▶ **TASK PROMPT**
In the entries that follow, the lines from the line containing "Словаччина планує на" up to and including the line containing "瓜渚湖社区：游园志愿活动" must be copied exactly, with pictures omitted.

:: DATA UNDER STUDY

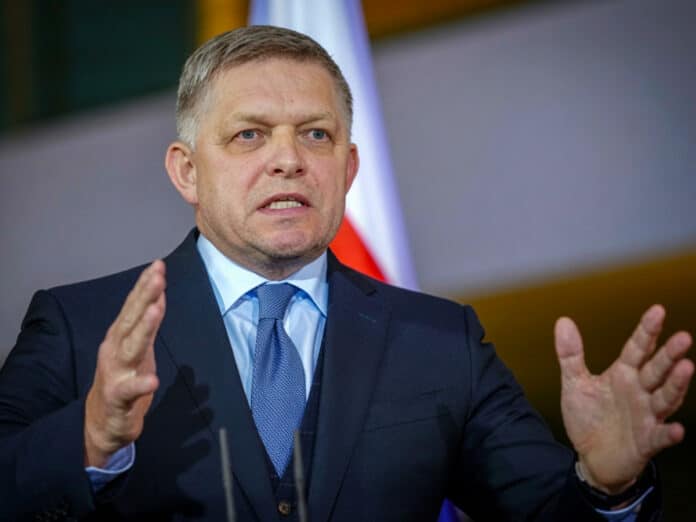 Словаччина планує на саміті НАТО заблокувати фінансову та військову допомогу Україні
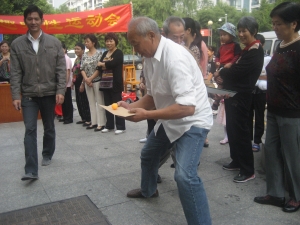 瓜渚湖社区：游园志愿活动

::::
:: DATA UNDER STUDY

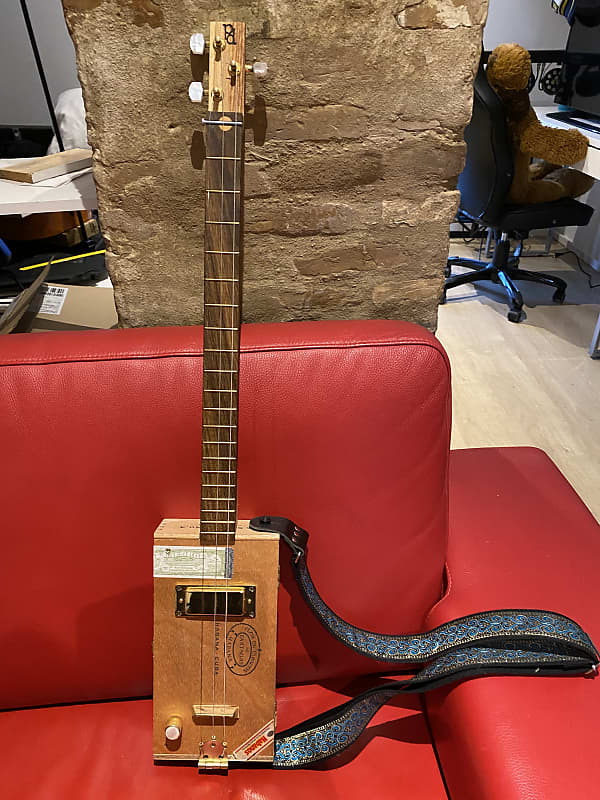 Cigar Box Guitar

::::

▶ **YOUR RESPONSE**
 Словаччина планує на саміті НАТО заблокувати фінансову та військову допомогу Україні
 瓜渚湖社区：游园志愿活动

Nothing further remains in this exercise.